Panel Paper: Designing the Homepath Study: Lessons from Piloting an Enhanced Housing First Treatment Model for Homeless Individuals with Substance Use Disorder

Saturday, November 9, 2019
I.M Pei Tower: Majestic Level, Majestic Ballroom (Sheraton Denver Downtown)

*Names in bold indicate Presenter

Edith Yang, MDRC


The recent opioid epidemic has led to a sharp increase in the unsheltered homeless population across the country, and the housing field has not found a consistently effective approach to treating substance use disorder among its most vulnerable residents. The goal of the HomePath study is to build evidence on a scalable treatment model of Housing First and shared medical appointments. Ultimately, the study aims to evaluate whether HomePath can increase housing stability and treatment retention for substance use disorder and reduce use of shelter, hospital, and criminal justice systems.

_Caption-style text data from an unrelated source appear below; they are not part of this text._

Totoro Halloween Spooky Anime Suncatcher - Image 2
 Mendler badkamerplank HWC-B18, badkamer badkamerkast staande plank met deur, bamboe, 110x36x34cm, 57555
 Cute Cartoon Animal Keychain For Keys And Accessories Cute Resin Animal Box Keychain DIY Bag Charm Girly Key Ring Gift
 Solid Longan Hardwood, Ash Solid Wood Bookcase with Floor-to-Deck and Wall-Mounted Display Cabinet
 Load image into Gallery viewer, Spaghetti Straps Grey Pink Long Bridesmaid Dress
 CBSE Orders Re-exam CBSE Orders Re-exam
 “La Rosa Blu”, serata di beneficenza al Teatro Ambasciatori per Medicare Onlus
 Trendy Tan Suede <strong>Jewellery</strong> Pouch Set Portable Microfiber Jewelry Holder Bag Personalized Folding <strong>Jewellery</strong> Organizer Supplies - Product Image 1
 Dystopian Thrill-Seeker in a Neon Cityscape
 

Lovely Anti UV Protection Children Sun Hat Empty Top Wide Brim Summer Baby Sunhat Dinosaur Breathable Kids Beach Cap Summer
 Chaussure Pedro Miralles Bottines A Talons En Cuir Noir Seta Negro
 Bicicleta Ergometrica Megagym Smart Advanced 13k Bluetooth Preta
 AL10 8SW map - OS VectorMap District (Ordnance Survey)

MDRC is conducting the HomePath feasibility study in Chicago, Illinois; Philadelphia, Pennsylvania; and Richmond, Virginia. The study will assess whether conducting a rigorous, full-scale evaluation of Housing First with shared medical appointments is possible. To do this, MDRC is assessing:

  • the viability of recruiting enough sample members to have the statistical power necessary for a rigorous full-scale evaluation;
  • whether the treatment contrast (that is, differences in services received) between the program and control groups is large enough to warrant further testing for program effects; and
  • whether reliable outcome data can be collected using administrative data sources.

In Philadelphia and Richmond, the study will examine only the implementation of the program. In Chicago, MDRC is piloting a natural experiment design, taking advantage of the inherent randomness of the permanent supportive housing match process through the city’s coordinated entry system for housing. Study participants matched to Housing First providers are in the program group, and those matched to other housing providers are in the control group. MDRC is collecting Homeless Management Information System data from the City of Chicago and clinic data from Heartland Alliance Health for the feasibility study.

This presentation offers an early look at lessons and findings from the HomePath feasibility study. The paper will provide an overview of the theory of change for the treatment model. It will address sample recruitment and buildup, and strengths and challenges in engaging patients in the shared medical appointments across the three jurisdictions. For the Chicago pilot, the paper will provide additional information on the research design process, on whether the treatment model appears to be increasing connections to housing and health services, and on whether available administrative data can capture adequate estimates of longer-term housing stability, health, and healthcare outcomes that HomePath hopes to improve. The paper will also outline recommendations and next steps for scaling up the HomePath evaluation.